In questi mesi il giornale è stato “gestito” dai due amministratori giudiziari nominati dal Tribunale, che in un primo (lungo) momento, contro le norme in materia, avevano lasciato al suo posto proprio l’uomo di fiducia di Ciancio, Franco Capparelli, responsabile primo dei problemi economici della precedente gestione (tra l’altro, da due anni non venivano versati i contributi al Fondo pensione complementare dei giornalisti).
La società editrice, infatti, non aveva più risorse proprie ed aveva bisogno di essere ricapitalizzata; prima di poter procedere alla ricapitalizzazione, però, è arrivato il sequestro. La conseguenza è stata che giornalisti e poligrafici hanno lavorato per mesi (e tuttora lavorano) senza essere pagati, se non con qualche “anticipo” non corroborato da fogli paga. Mentre restava al suo posto, nella crescente protesta dei giornalisti, delle maestranze e delle rappresentanze sindacali, l’inamovibile Capparelli.
Qualche mensilità arretrata, con relative buste paga, comincia ad essere pagata nel 2019, quando Capparelli esce di scena dal consiglio d’amministrazione della Edisud, la società editrice del giornale, ma resta presidente della Mediterranea, la concessionaria di pubblicità locale, che è anche proprietaria della testata.
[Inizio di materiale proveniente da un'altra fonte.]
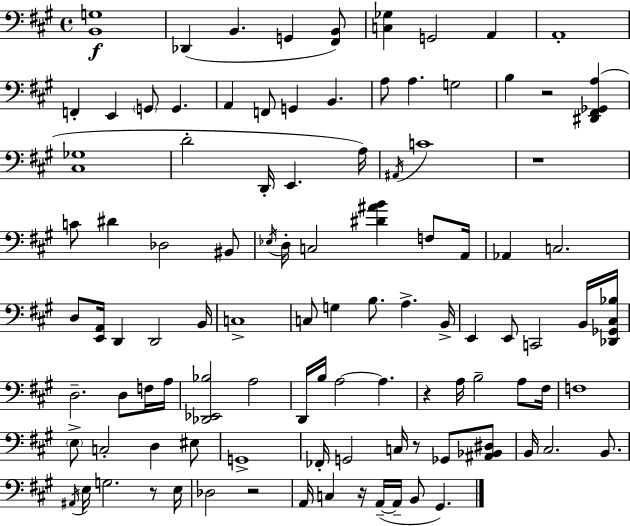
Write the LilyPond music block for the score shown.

{
  \clef bass
  \time 4/4
  \defaultTimeSignature
  \key a \major
  <b, g>1\f | des,4( b,4. g,4 <fis, b,>8) | <c ges>4 g,2 a,4 | a,1-. | \break f,4-. e,4 \parenthesize g,8 g,4. | a,4 f,8 g,4 b,4. | a8 a4. g2 | b4 r2 <dis, fis, ges, a>4( | \break <cis ges>1 | d'2-. d,16-. e,4. a16) | \acciaccatura { ais,16 } c'1 | r1 | \break c'8 dis'4 des2 bis,8 | \acciaccatura { ees16 } d16-. c2 <dis' ais' b'>4 f8 | a,16 aes,4 c2. | d8 <e, a,>16 d,4 d,2 | \break b,16 c1-> | c8 g4 b8. a4.-> | b,16-> e,4 e,8 c,2 | b,16 <des, ges, cis bes>16 d2.-- d8 | \break f16 a16 <des, ees, bes>2 a2 | d,16 b16 a2~~ a4. | r4 a16 b2-- a8 | fis16 f1 | \break \parenthesize e8-> c2-. d4 | eis8 g,1-> | fes,16-. g,2 c16 r8 ges,8 | <ais, bes, dis>8 b,16 cis2. b,8. | \break \acciaccatura { ais,16 } e16 g2. | r8 e16 des2 r2 | a,16 c4 r16 a,16--~(~ a,16-- b,8 gis,4.) | \bar "|."
}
Anzi, secondo i “boatos” che circolano in redazione, mentre i giornalisti fanno appello alle forze produttive ed alle imprese perché sostengano anche con le inserzioni il giornale in difficoltà, lui trascura la raccolta pubblicitaria.

Mario Ciancio Sanfilippo

In aggiunta ai due amministratori giudiziari, che per mesi hanno mantenuto le distanze da redazione, poligrafici e rappresentanze sindacali, il Tribunale di Catania nomina finalmente, in sostituzione di Capparelli, un professionista locale, Fabrizio Colella, che riapre il dialogo con i lavoratori.
Si fanno avanti intanto due possibili compratori del giornale: il gruppo Angelucci (già in passato titolare di una quota di minoranza nell’Edisud), editore di Libero e del Tempo (e del defunto Riformista), il cui core business è tuttavia quello della sanità privata, e la cordata composta dal socio di minoranza dell’Edisud, Valter Mainetti, amministratore delegato di Sorgente (che detiene praticamente l’intero pacchetto azionario del quotidiano Il Foglio, già di proprietà di Veronica Lario, ex moglie di Berlusconi, con quote fluttuanti tra Paolo Berlusconi, Giuliano Ferrara, Denis Verdini, Sergio Zuncheddu, Luca Colasanto, Matteo Arpe) e da Lino Morgante, editore della Gazzetta del Sud, quotidiano di Messina diffuso in Calabria, fresco di acquisizione del Giornale di Sicilia di Palermo. La Ses, società editrice di cui Morgante è amministratore delegato, aveva già detenuto il 30% delle azioni dell’Edisud, insieme con Ciancio e con i baresi Lobuono e Gorjux, quando il Banco di Napoli, dopo la cessione ai privati della gestione del giornale (1978, subito dopo il delitto Moro), aveva deciso di disfarsi anche della proprietà; azioni che poi attraverso la Banca Popolare di Bari erano passate prima al Gruppo Fusillo, poi alla Tosinvest di Angelucci, infine a Sorgente.

Antonio Angelucci

Le proposte avanzate dai due aspiranti presentano criticità, soprattutto sul piano del mantenimento dei livelli occupazionali, ma sono state affinate nel confronto con le rappresentanze di giornalisti e poligrafici, comitato di redazione e consiglio di fabbrica in testa, e con la Regione Puglia.
In vantaggio sembrerebbe, anche perché garantirebbe una continuità aziendale, la cordata Mainetti-Morgante. L’essenziale è che la Gazzetta del Mezzogiorno torni ad avere un editore vero, con risorse certe, per non dissipare un patrimonio di 132 anni di informazione al servizio delle comunità di Puglia e Basilicata, alle quali ha dato anche voce e visibilità, anche nazionali, fino alla sciagurata decisione di un management incapace di chiudere, nel 2002, la Redazione romana, abdicando all’informazione politica ed economico-sindacale nazionale autoprodotta.
Un giornale che ha ancora appeal, se nel “Gazzetta Day” del 29 dicembre, con tre mesi di stipendi non pagati alle spalle e col solo tam tam dei giornalisti, senza nessuna iniziativa promozionale da parte degli amministratori giudiziari, le vendite schizzarono da ventimila a sessantamila copie. Un giornale che ha un’altra preziosa risorsa che sarebbe stupido dissipare: una redazione di qualità, inclusi i collaboratori. Un giornale che deve vivere, per aiutare a far vivere, anche, le popolazioni di Puglia e Basilicata. (giornalistitalia.it)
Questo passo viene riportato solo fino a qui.